Thursday, 13 October 2016

The Skin I Live In (2011)

Original Title

La piel que habito


Drama | Thriller


Pedro Almodóvar




Antonio Banderas, Elena Anaya, Marisa Paredes, Jan Cornet, Roberto Álamo, Blanca Suárez, Susi Sánchez, Bárbara Lennie, Eduard Fernández, Concha Buika


Dr. Roberto Ledgard (Antonio Banderas) tries to create a type of synthetic skin that withstands any kind of damage and his guinea pig is a mysterious and volatile woman (Elena Anaya) who holds the key to his obsession.


If there is something we can all agree about is that Pedro Almodóvar has a unique style and one either loves or hates him. He explores subjects many may fear, and with "The Skin I Live In" he makes no difference. The film indeed is an unsettling, disturbing yet delightful combination of drama, thriller and body horror. If I had to summarize it in a few words I'd say it is beautifully horrifying.

Trying not to give away much of it because the less you know about it before watching it, the more intense the experience will be, the story is a stroke of genius. The plot not only moves on several timeframes thus being non-linear, but it is also told through the eyes of different characters that allows the viewer to have feelings for some of them.

The film flows perfectly, and, in a succession of ambiguity, anguish, horror and gore, the Spanish director assembles each piace of the plot with such a surgical precision, it ends up being a fascinating puzzle.
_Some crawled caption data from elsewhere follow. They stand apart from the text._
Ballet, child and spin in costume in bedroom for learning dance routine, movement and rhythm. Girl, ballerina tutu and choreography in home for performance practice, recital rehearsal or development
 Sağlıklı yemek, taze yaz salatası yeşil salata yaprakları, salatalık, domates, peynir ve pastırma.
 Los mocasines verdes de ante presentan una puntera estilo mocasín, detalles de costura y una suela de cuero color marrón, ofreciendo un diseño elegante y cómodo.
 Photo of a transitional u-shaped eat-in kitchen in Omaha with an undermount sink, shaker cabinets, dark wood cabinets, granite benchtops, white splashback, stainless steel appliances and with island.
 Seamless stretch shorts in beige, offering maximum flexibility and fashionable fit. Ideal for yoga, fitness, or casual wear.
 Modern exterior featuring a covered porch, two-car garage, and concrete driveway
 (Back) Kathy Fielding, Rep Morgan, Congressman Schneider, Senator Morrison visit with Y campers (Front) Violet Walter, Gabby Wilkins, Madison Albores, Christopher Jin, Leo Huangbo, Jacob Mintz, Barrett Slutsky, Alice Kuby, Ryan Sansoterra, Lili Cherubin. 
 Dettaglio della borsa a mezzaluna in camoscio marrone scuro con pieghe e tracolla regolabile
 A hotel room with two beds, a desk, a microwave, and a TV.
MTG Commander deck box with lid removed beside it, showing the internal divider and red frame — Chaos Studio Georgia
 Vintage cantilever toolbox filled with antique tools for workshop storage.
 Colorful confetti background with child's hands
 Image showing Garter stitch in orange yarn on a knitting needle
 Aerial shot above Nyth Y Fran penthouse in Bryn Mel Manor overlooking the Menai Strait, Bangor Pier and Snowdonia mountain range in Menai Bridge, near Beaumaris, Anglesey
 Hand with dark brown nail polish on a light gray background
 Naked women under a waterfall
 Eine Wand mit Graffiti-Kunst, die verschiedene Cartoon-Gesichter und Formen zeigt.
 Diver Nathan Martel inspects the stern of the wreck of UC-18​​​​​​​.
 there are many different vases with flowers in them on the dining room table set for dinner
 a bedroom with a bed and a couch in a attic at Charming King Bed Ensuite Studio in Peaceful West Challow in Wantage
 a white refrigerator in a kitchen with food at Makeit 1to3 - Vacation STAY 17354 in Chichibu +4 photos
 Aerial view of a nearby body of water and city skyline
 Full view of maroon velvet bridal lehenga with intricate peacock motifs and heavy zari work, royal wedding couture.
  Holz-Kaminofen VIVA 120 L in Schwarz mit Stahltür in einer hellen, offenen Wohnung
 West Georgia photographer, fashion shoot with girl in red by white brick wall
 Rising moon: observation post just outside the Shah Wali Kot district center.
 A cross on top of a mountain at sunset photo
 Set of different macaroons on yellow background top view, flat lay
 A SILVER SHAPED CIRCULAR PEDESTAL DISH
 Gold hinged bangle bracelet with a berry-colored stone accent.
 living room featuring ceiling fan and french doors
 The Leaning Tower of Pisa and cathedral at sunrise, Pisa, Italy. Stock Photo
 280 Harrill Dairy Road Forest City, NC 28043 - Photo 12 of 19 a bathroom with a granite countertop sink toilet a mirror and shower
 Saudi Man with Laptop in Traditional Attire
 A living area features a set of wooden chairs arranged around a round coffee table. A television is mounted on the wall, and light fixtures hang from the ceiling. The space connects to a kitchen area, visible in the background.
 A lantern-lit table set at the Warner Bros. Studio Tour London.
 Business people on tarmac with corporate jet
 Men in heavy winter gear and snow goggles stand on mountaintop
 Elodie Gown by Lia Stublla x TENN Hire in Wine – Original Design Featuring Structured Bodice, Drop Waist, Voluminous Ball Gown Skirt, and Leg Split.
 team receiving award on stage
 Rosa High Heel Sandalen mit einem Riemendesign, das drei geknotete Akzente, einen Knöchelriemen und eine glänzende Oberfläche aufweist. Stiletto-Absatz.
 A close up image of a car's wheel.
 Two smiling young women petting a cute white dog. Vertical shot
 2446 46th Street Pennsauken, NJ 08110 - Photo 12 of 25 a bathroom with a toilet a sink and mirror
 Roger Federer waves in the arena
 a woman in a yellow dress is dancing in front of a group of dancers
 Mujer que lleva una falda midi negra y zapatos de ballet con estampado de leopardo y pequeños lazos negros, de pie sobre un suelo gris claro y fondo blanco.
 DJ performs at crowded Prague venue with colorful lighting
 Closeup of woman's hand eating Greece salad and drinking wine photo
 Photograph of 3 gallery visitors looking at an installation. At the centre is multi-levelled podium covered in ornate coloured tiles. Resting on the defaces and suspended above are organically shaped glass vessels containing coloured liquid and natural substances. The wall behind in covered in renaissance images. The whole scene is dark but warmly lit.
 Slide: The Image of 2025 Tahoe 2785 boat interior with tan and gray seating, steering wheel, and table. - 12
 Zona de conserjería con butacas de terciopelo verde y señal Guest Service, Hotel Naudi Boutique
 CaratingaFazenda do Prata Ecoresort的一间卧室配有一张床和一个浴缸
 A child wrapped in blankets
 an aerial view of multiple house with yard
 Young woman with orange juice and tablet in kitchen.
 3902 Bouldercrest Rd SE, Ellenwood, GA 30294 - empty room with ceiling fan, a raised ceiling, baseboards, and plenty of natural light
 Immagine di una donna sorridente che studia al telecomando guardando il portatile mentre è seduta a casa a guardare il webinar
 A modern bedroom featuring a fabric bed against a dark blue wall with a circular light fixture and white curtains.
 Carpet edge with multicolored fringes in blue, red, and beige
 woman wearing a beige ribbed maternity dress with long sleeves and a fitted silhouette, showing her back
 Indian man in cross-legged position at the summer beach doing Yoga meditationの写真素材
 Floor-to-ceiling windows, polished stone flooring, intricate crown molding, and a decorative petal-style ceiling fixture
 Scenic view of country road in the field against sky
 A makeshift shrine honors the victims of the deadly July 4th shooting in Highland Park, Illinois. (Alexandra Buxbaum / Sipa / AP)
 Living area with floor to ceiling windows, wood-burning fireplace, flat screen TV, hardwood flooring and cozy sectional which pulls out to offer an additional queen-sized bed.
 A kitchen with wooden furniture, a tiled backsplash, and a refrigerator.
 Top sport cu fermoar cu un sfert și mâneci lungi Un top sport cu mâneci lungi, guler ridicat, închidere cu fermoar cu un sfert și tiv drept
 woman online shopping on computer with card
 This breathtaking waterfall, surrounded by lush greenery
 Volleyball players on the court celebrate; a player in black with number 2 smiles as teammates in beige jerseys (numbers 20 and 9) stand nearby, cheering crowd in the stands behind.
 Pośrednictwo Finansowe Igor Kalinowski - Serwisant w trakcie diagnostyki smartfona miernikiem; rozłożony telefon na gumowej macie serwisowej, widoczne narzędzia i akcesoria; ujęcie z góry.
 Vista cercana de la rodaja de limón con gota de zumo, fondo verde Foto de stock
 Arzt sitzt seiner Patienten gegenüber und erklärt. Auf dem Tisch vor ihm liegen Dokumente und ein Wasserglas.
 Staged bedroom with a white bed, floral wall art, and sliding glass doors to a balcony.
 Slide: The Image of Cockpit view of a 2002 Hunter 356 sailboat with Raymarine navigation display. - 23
Spoiler alert, "The Skin I Live In" is a successful change of genre that explores the theme of sexual identity and what it is like to live in a body that you don't recognize as your own arguably in the best way ever. It also explores the nature and the violation of moral code, and some of Almodóvar's typical themes such as love, the relationship between man and woman and the past still lived as it was the present.

Even though I've never been a fan of him, it's good to see Antonio Banderas working with Almodóvar again, and he delivers a wonderful performance. Frankly, I didn't think he was capable to pull off such a complex and difficult character. However, Elena Anaya completely steals the show as Vera, the mysterious woman held captive by Bander's character. Her eyes are so expressive and emotional, she doesn't even need to talk.


  1. I liked this, but someone had spoiled the ending for me beforehand and I watched the entire thing wondering if I would've guessed it or not. That kind of bummed me out.

  2. "The film indeed is an unsettling, disturbing yet delightful combination of drama, thriller and body horror." This sentence said it all. I was totally blown away by this film. To Brit's point of having the surprise ruined, the twist happens well before the end and I eventually guessed it, but that didn't hinder my enjoyment. It's that final scene that's the kicker for me. It's a powerful moment for a variety of reasons.